Tai Chi Chuan é uma arte marcial interior, praticada para autodefesa e saúde. É considerada uma “arte marcial interior” porque foca na prática em coletar e acumular energia, para atacar o inimigo com poder e a força interna, possibilitando assim, esforços mínimos em caso de combate.
De acordo com Brecher (1998, p.11,12), existem dois tipos de arte marcial chinesa, a externa (forte, rígida) e a interna (leve, sútil). A arte marcial exterior, como o Karatê e o Kung Fu, consiste em desenvolver o Qi (energia) na região externa do corpo, desenvolvendo força e poder nos músculos, permitindo ao praticante lutar e combater com potência e rigidez. Já a arte marcial interior, como o Tai Chi, consiste em desenvolver e acumular o Qi nos órgãos internos do corpo, permitindo fluidez energética ao longo dos meridianos, alcançando internamente os músculos. A coleta energética torna o praticante sutilmente forte e potente, e em caso de combate, conseguindo vencer a disputa com o mínimo esforço, utilizando apenas a força energética interior que foi acumulada através de sua prática. A prática consiste em concentração no relaxamento, em forma meditativa, de modo a não haver nenhuma restrição no fluxo de Qi. Como resultado, a saúde é preservada e aprimorada. Ao longo da prática da arte marcial interna avançada, o praticante pode tornar seu treino mais intenso e forte, a fim de desenvolver poder e força exterior.
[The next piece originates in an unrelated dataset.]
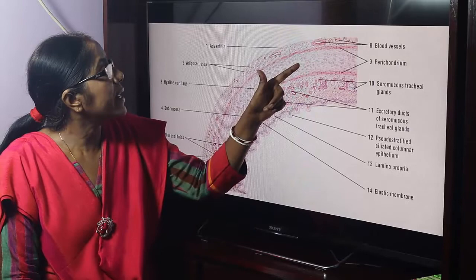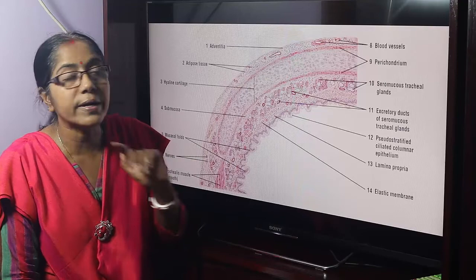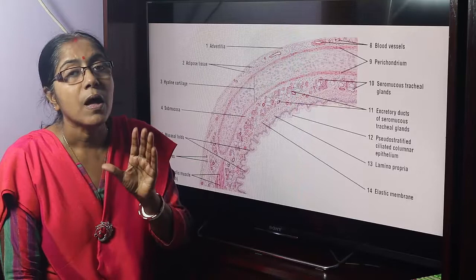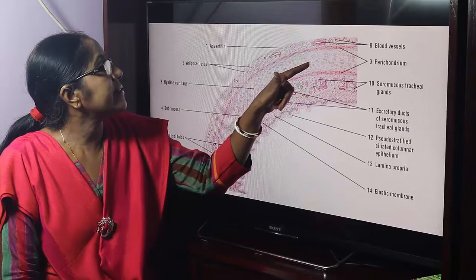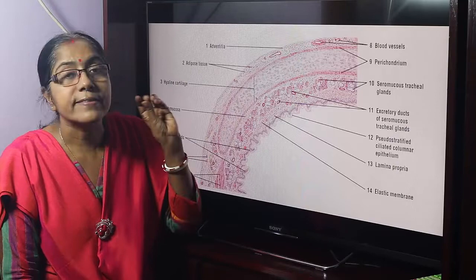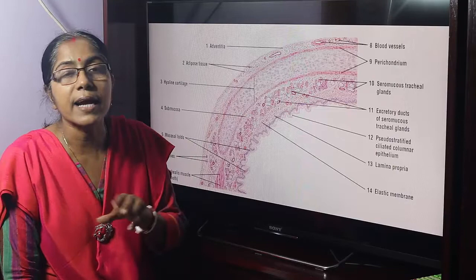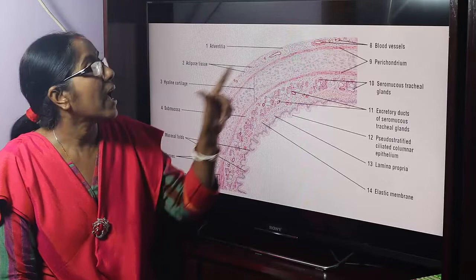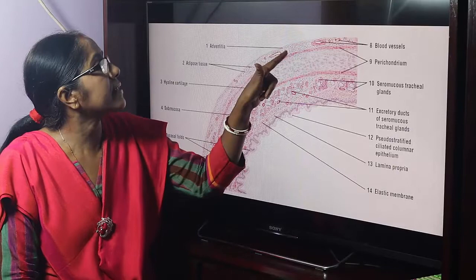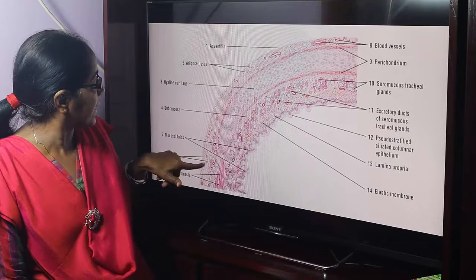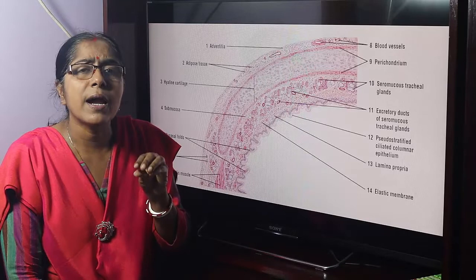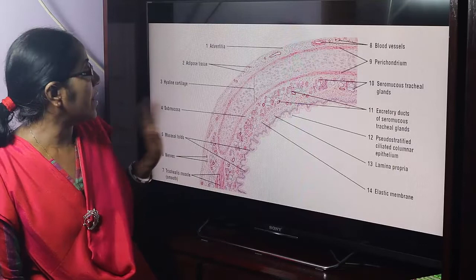This is the hyaline cartilage — C-shaped hyaline cartilage. These are the cartilage cells situated in cell nests (lacunae). The cartilage is covered by perichondrium, which is dense connective tissue. The adventitia is vascular — it has both blood supply and nerve supply. These are the nerves. This is all about the microscopic structure of trachea.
Tai Chi, como arte marcial, emprestou o nome do termo filosófico T’ai Chi (Taiji – 太極), que significa Supreme Ultimate (Grandioso Supremo), compostos por duas palavras chinesas: tai (太) – grandioso, supremo, imponente, extremo e ji (極) – polo, cume, cobertura, o mais alto ponto, extremo, alcançar o fim, atingir o topo.
Na Filosofia Chinesa, de acordo com Cheng Man Ch’ing (1985, p.21) T’ai Chi, o Grandioso Supremo é a mãe do Yin-Yang:
“Não há nada que não contenha. Deste primordial ponto de vista do T’ai Chi, veio o nome da arte marcial interior, Tai Chi. O Livro das Mutações (I Ching Book), diz que o T’ai Chi dá à luz ao Liang I (dois poderes primordiais), Yin e Yang. O extremo yin produz yang, e o extremo yang produz yin. Na alternância do robusto e sútil, do movimento e quietude, cada força é aplicada ao seu limite”.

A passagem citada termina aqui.